Asili nido: Italia indietro nel Sud e aree interne.
Sono 28 i posti disponibili nei nidi e nei servizi prima infanzia ogni 100 bambini con meno di 3 anni. Un dato italiano in netta controtendenza (chi lo avrebbe mai detto) rispetto ai Paesi europei più rispettosi degli “obiettivi di Barcellona” che, ricordiamolo, riguardano la diffusione di nidi, servizi e scuole per l’infanzia, da offrire ad almeno il 33% dei bimbi sotto i 3 anni e al 90% di quelli tra 3 e 5 anni.
Percentuali italiane particolarmente basse nel mezzogiorno e nelle aree interne, al momento molto distanti anche dalla media nazionale, secondo l’ultima rilevazione di Fondazione Openpolis.
In termini assoluti, l’offerta di nidi sul territorio nazionale è rimasta in linea con quella dell’anno precedente (350mila posti autorizzati). Ma il calo della platea potenziale, legato alla diminuzione delle nascite, fa sì che l’offerta cresca in termini relativi.

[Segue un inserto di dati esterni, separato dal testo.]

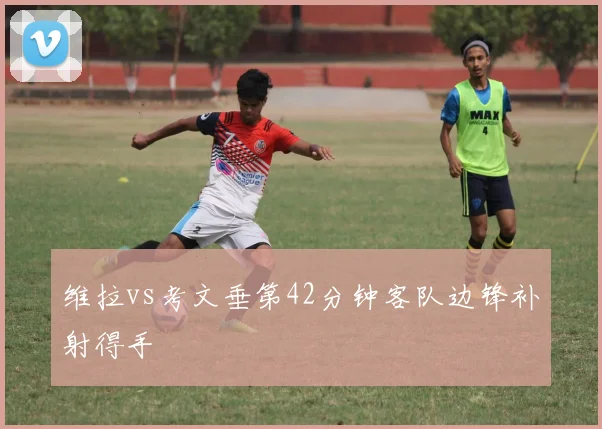 维拉vs考文垂第42分钟客队边锋补射得手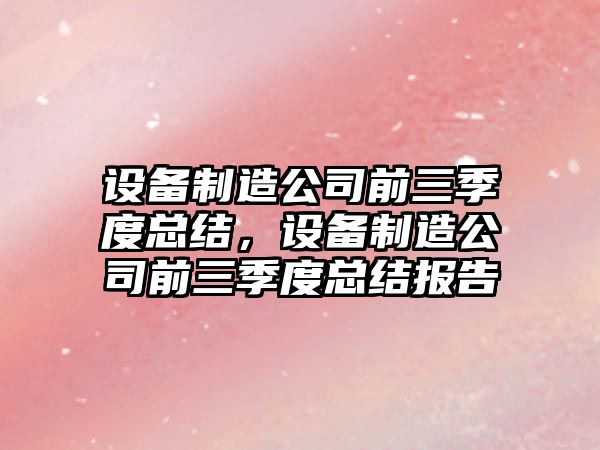 設備制造公司前三季度總結，設備制造公司前三季度總結報告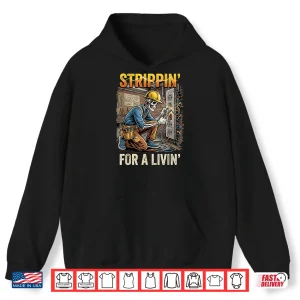 Hoodie Strippin for a Livin Electrician Lover Funny Skeleton Shirt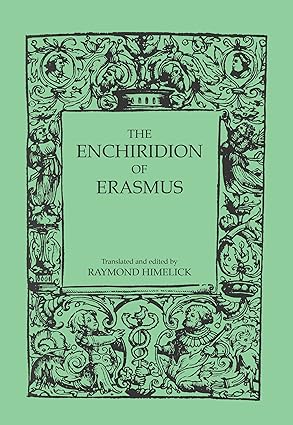 the enchiridion of erasmus 1st edition raymond himelick 0253200520, 978-0253200525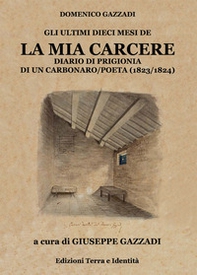 La mia carcere. Diario di prigionia di un carbonaro poeta (1823-1824) - Librerie.coop La mia carcere. Diario di prigionia di un carbonaro poeta (1823-1824) - Librerie.coop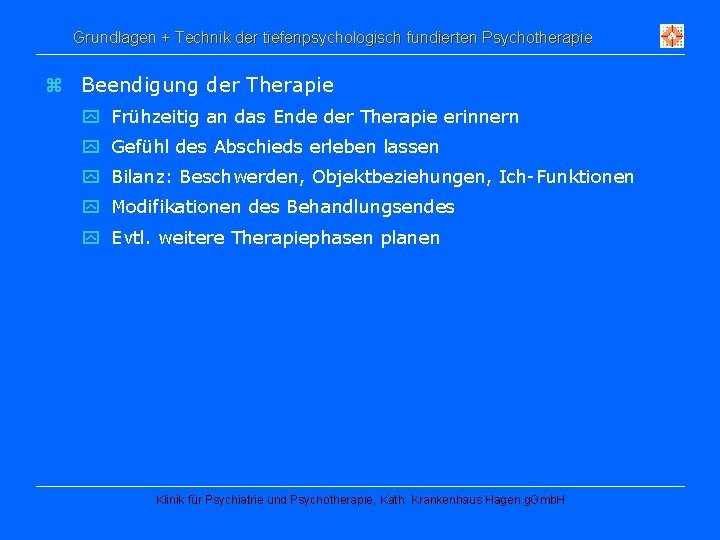 Grundlagen + Technik der tiefenpsychologisch fundierten Psychotherapie z Beendigung der Therapie y Frühzeitig an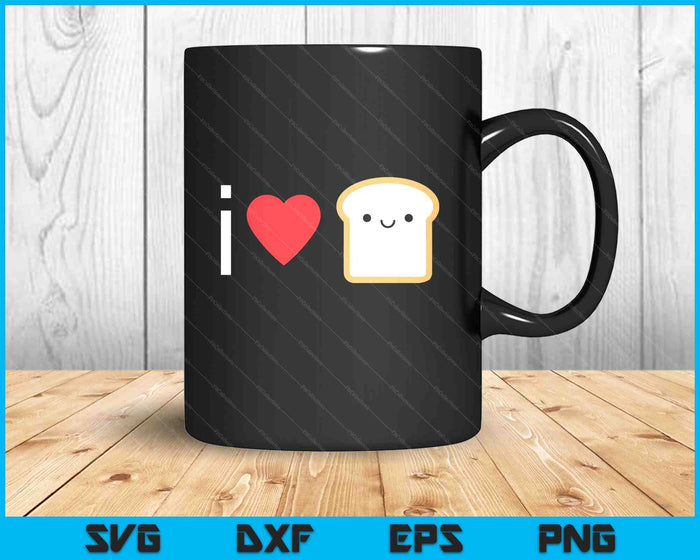 Adorable I Love Bread Shirt Kawaii Bread Lover SVG PNG Digital Printable Files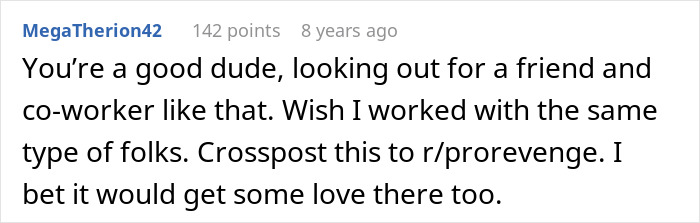 Comment expressing appreciation for a guy sharing how he helped an overworked and underpaid friend at work.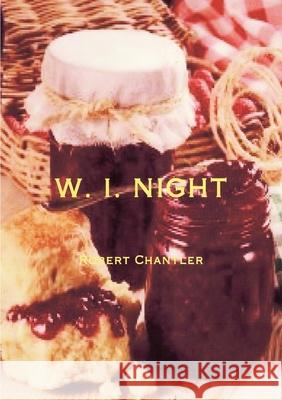 W I Night Robert Chantler 9781471764554 Lulu.com - książka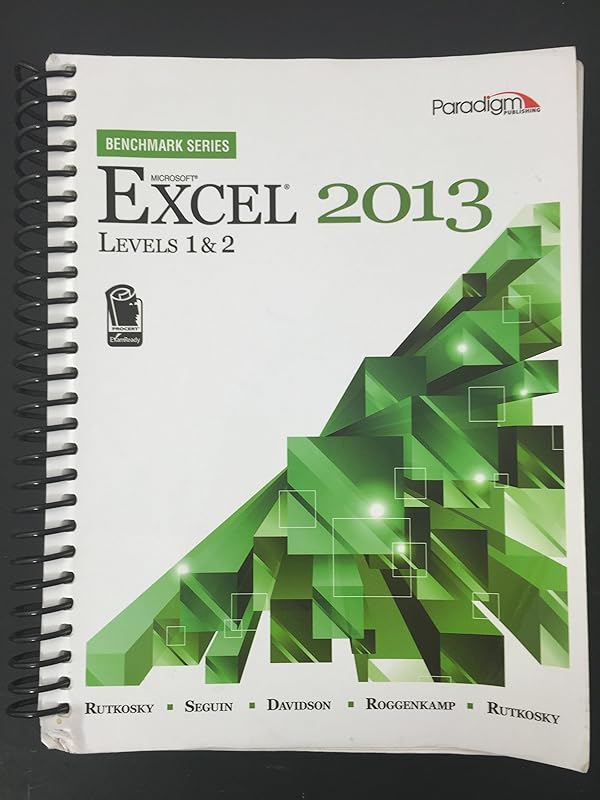 Microsoft Excel 2013: Levels 1 and 2: Text with Data Files (Benchmark Series) by Nita Rutkosky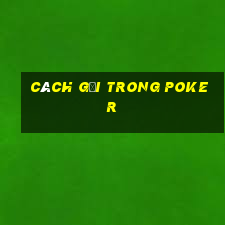 Cách gọi trong poker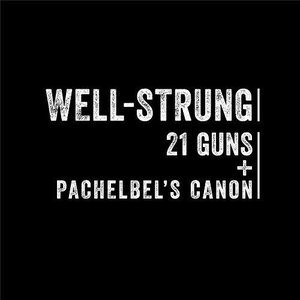 21 Guns / Pachelbel's Canon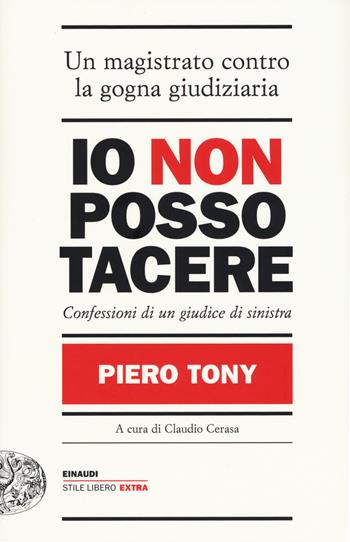 Io non posso tacere. Confessioni di un giudice di sinistra - Piero Tony - Libro Einaudi 2015, Einaudi. Stile libero extra | Libraccio.it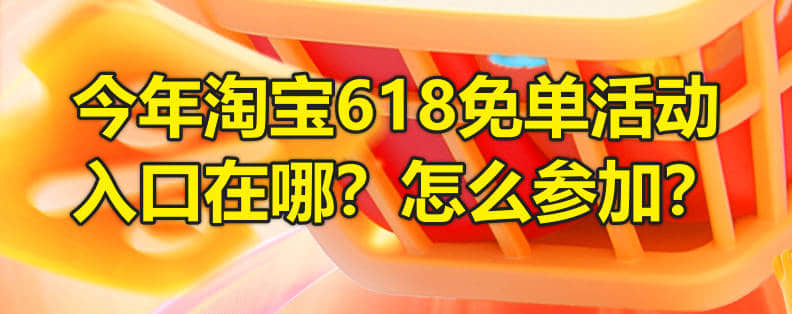 今年淘宝618免单活动入口在哪？怎么参加？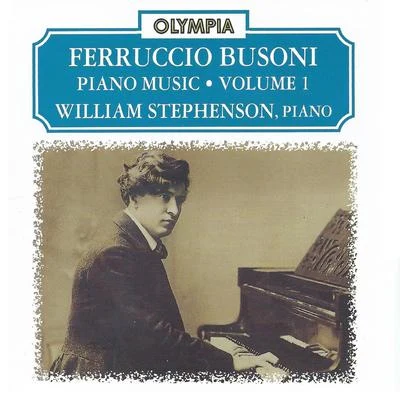 Ferruccio Busoni Busoni: Piano Music, Vol. 1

Alla fine del 2022 il Consiglio dell’Ue ha indicato il nuovo obiettivo tendenziale del 45%. Un target modulato in base alla situazione del Paese, non tassativo, per cui gli stati oggi al di sotto del 20% dovrebbero migliorare il proprio indicatore di almeno il 90%. Mentre quelli tra 20 e 33% – come il nostro – dovrebbero migliorare di almeno il 45% o almeno fino al raggiungimento di un tasso di partecipazione del 45%.
Nell’arco dell’ultimo decennio, l’Italia, però, ha visto crescere la sua offerta potenziale: erano meno di 23 i posti ogni 100 bimbi nel 2013. Ma gli obiettivi europei restano lontani e pesano ancora molto i divari territoriali esistenti.